-------- EXERCISE MATERIALS

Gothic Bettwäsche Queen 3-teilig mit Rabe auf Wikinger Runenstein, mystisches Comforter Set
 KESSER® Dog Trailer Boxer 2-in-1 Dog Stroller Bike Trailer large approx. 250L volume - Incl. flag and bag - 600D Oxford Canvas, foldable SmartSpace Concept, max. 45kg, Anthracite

----------------
-------- EXERCISE MATERIALS

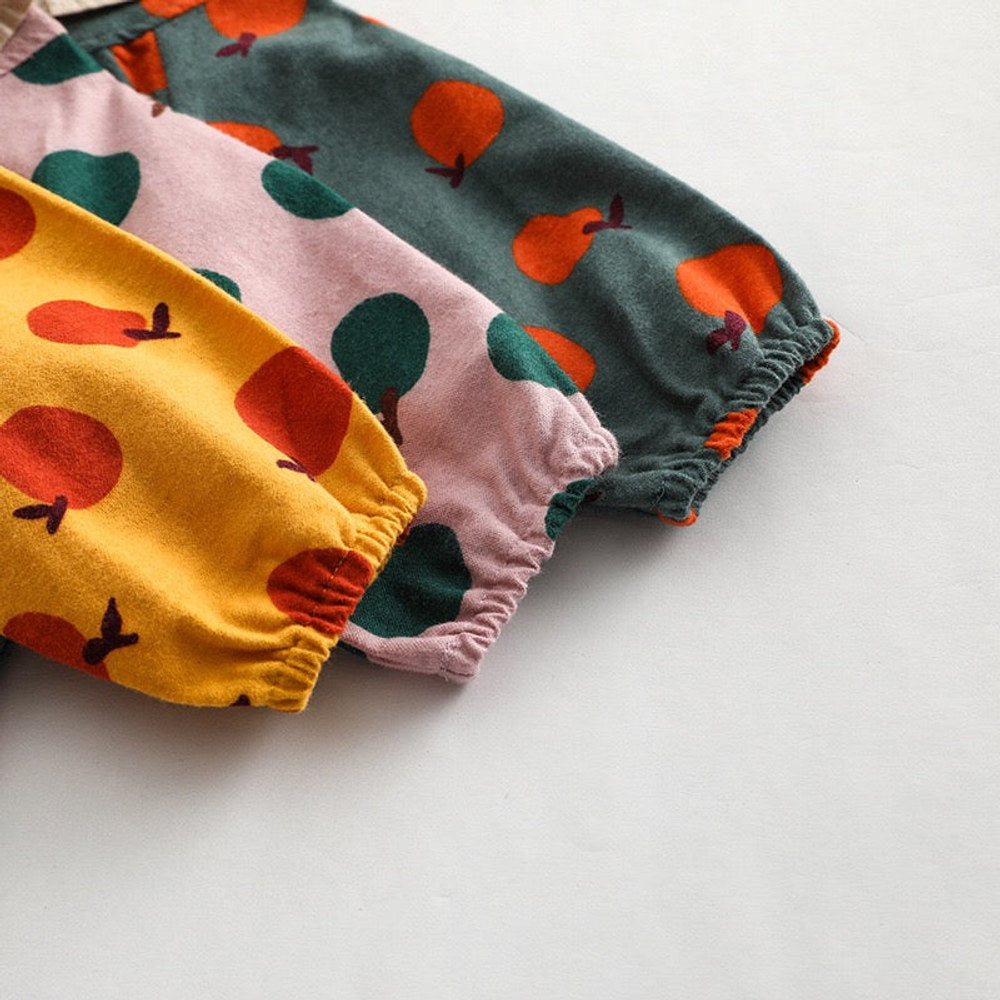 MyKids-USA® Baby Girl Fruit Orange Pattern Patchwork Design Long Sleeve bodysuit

----------------

Reproduce exactly, and with no other material, the lines between those holding "Gothic Bettwäsche Queen" and "KESSER® Dog Trailer", inclusive.

**OUTPUT OF THE TASK**
Gothic Bettwäsche Queen 3-teilig mit Rabe auf Wikinger Runenstein, mystisches Comforter Set
 KESSER® Dog Trailer Boxer 2-in-1 Dog Stroller Bike Trailer large approx. 250L volume - Incl. flag and bag - 600D Oxford Canvas, foldable SmartSpace Concept, max. 45kg, Anthracite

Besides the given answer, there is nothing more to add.